A Sim with high Cooking will be able to cook better, more fulfilling meals. This helps all Sims who eat their cooking to have their Hunger need filled faster. This one is a must in the Culinary track, and useful for all other tracks as well. In addition, a Sim may start a fire when attempting to cook a meal too advanced like if a Sim tried cooking salmon when it only knew how to nuke a TV dinner.

Study this one at a bookshelf, or by watching the Yummy Channel on TV. Skill gain rates are dependent on the object used for it. For example, working out with the TV or the radio is fine. Always try to gain your skills using the fastest method to save time.

Here's a screenshot from earlier as a reminder. All the bubbles next to the skill names are empty, but the first point of Cleaning is circled in blue. That means she'll need to achieve one point in Cleaning to even be considered for promotion.

Dividing the job summary and job skills is a vertical bar with two numbers at the bottom. The bar is your Sim's job performance; obviously, the higher, the better. The bar raises with every day that your Sim goes to work on time and in a good mood.

Some needs can usually be met at the job site , so don't fret if you've stuck between getting to work in only got two minutes or peeing yourself. Just head for work, and Bladder should be taken care of there. Not getting to work, or showing up in a bad mood, will hurt the job performance.

If the bar dips low enough, your Sim could be demoted, or even possibly fired. Family is stressed because Sims in the household can befriend other Sims and still have it contribute to the overall total, which plays into the Alpha Strategy section of the guide. That means she has no Family Friends, but she doesn't need any to be promoted.
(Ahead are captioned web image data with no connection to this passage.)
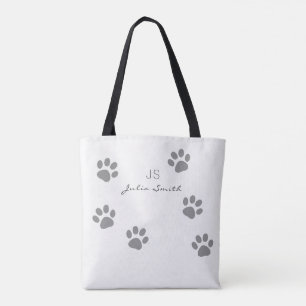 Bolsa Tote pet o teste padrão animal das patas com seu nome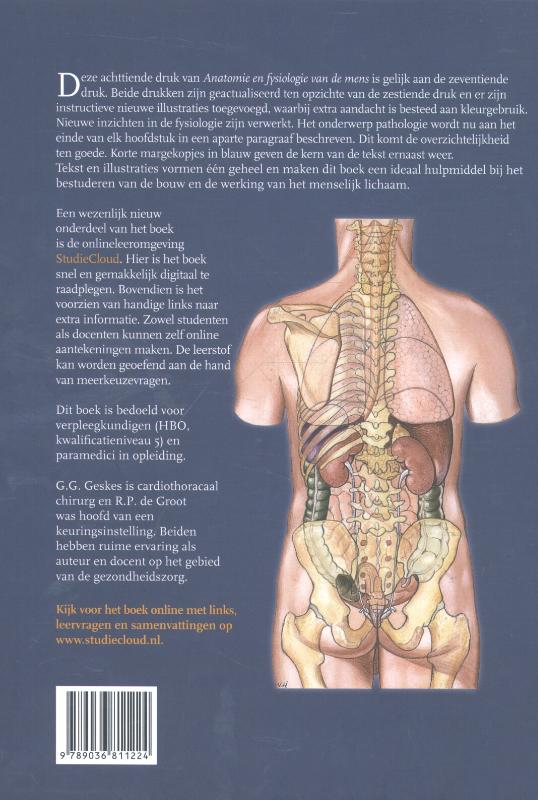 Achterkant van Anatomie en fysiologie van de mens + StudieCloud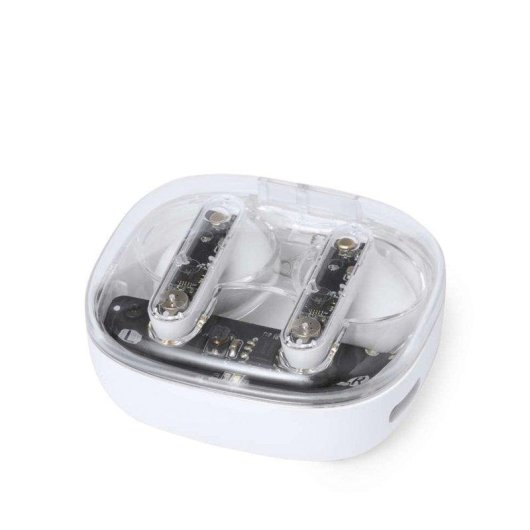 Auricolari Dam Electronics TWS wireless Bluetooth 5.3 con base di ricarica 200 mAh trasparenti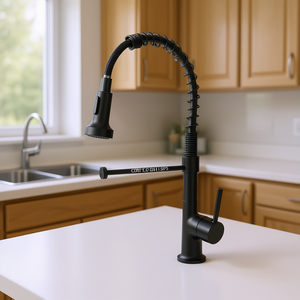 Grifo de Cocina Negro Extraíble de un Solo Grifo, Montado en Encimera, Válvula de Cerámica de Latón, 2.0-2.9 GPM, Diseño Moderno - Product Image 2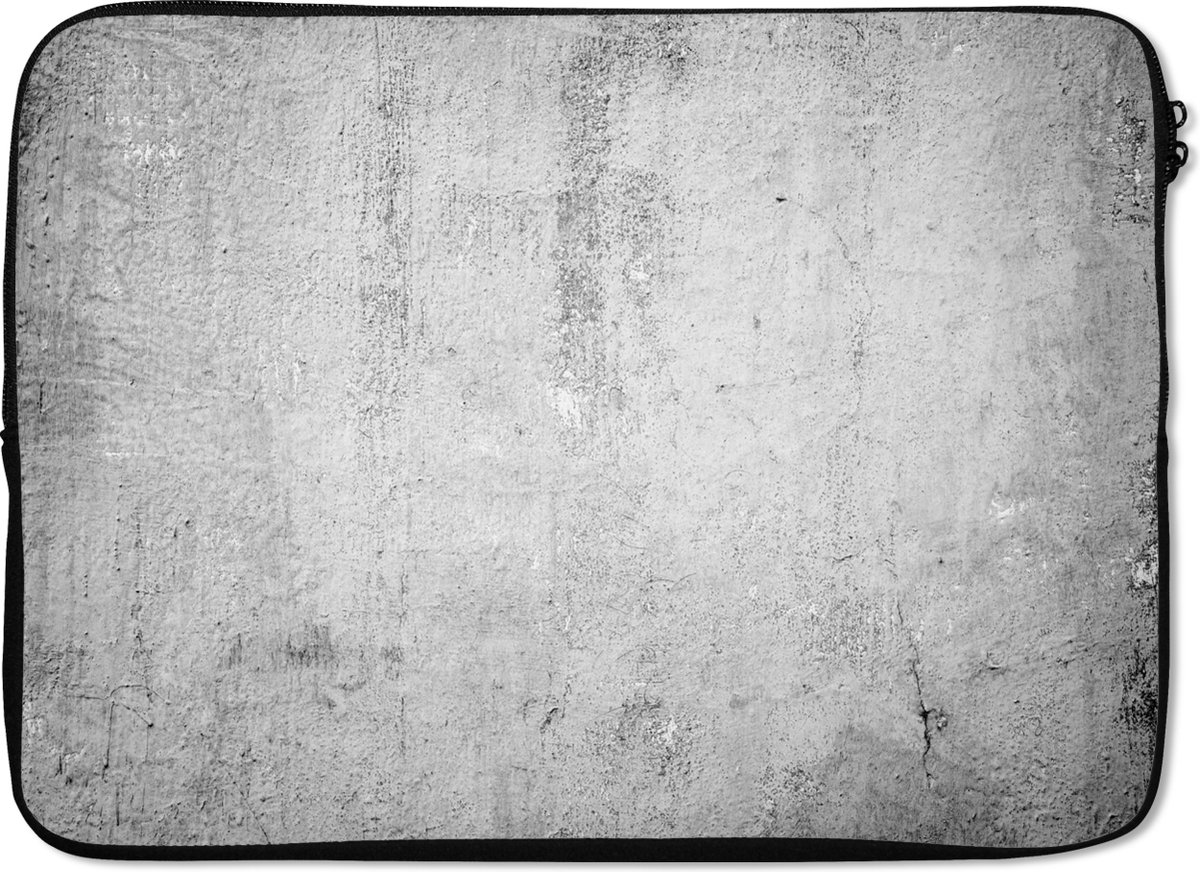 Laptophoes 14 inch - Beton print - Grijs - Patroon - Vintage - Industrieel - Laptop sleeve - Binnenmaat 33x23 cm - Zwarte achterkant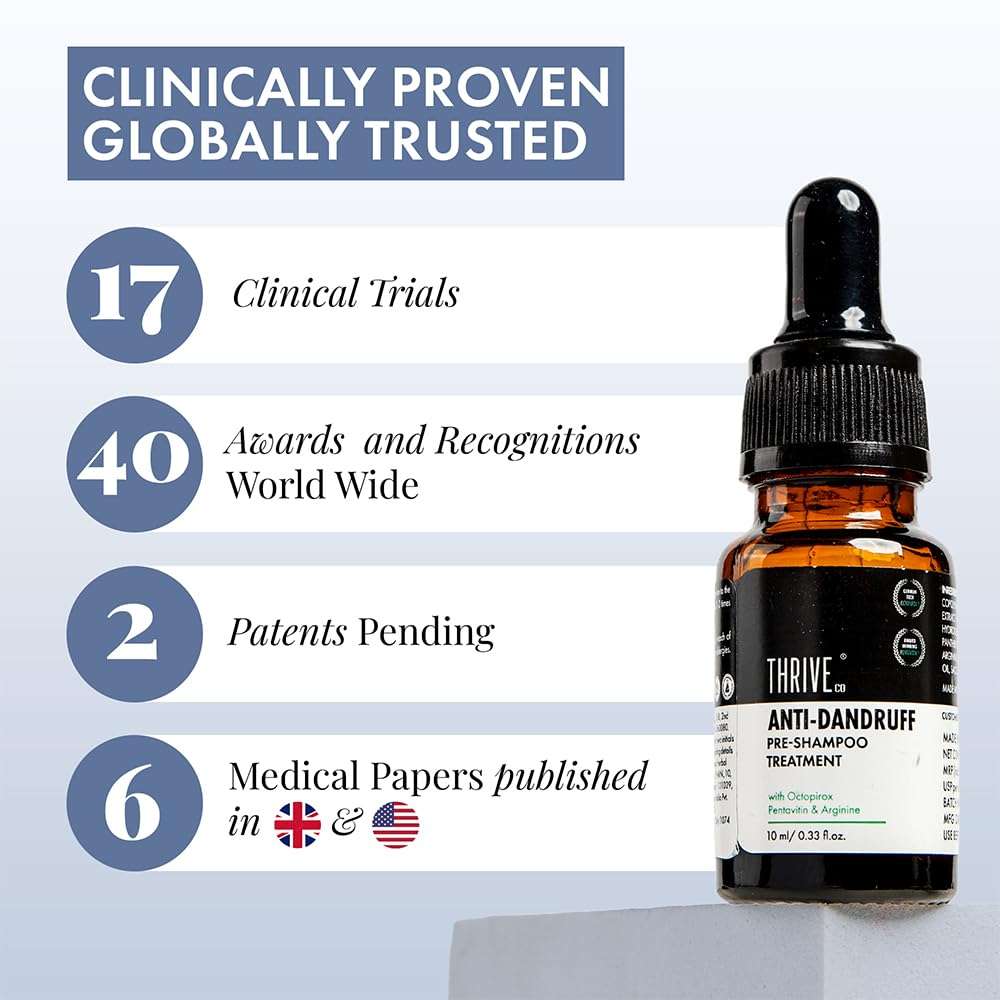 ThriveCo Anti-Dandruff Pre-Shampoo Serum for Itchy, Dry & Flaky Scalp | With Octopirox, Pentavitin & Arginine | Reduces Hair Breakage & Strengthens Hair for Men & Women | 10ml 5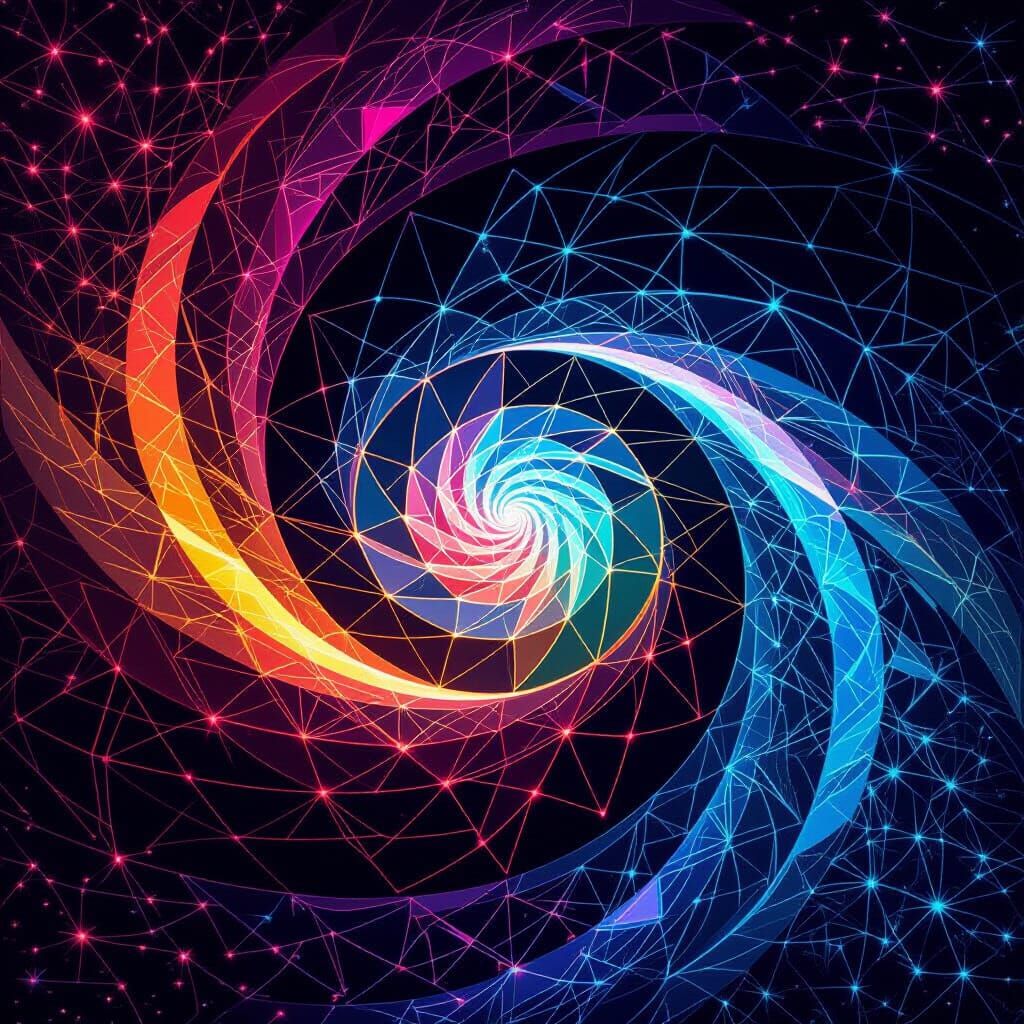 Futuristic Galaxy: Neon Fractal Bands of Civilization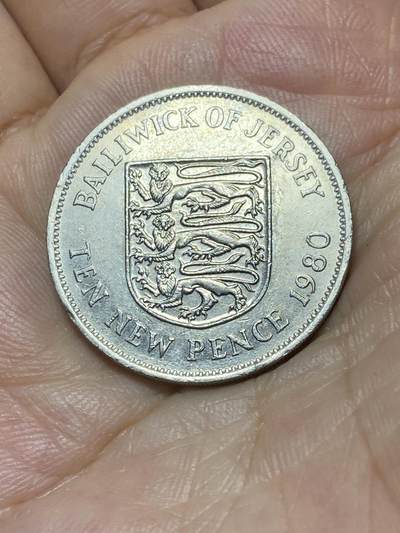 2025年第八十七场(总第一百一十三场）外国好品散币(免佣金) - 英属泽西岛🇯🇪1980年10新便士(伊丽莎白二世中年花冠，十进制第一版关门年仅发行3年)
So, Kelly's got the day off today. Even if she didn't, she didn't have the job when the carpool was supposed to be there, so it's not counted against her. She needs a single point of Cleaning to be up for a promotion, but she should learn how to prepare food for herself first. Living on one's own is a drag, huh? She sits in her discount chair and starts studying away. See that tube above her head? That's a progress bar that shows how far along she is to learning the skill.

The smaller the number skill, the quicker it is. Now she's ready to cook a meal before going to bed. And cooking gets its own separate sub-section! Cooking is an art, and in The Sims 2, you have to know what you're doing to make sure no one gets sick. If a meal is cooked wrong - whether that means overcooked or undercooked - the Sim that eats it will have a chance of suffering from food poisoning. It's not a pretty sight, especially since it can be contagious. Cooking can be done in two ways.

The new way is to click a cooking appliance and select the option from there. The latter is preferred, because by choosing your appliance, you can affect the speed of the meal. Food from ovens is more filling than from a microwave, but a microwave is extremely fast and definitely preferred if you've got a time crunch such as eating breakfast before work. Your refrigerator has a limited amount of food in it, and you'll have to get more groceries if you run out.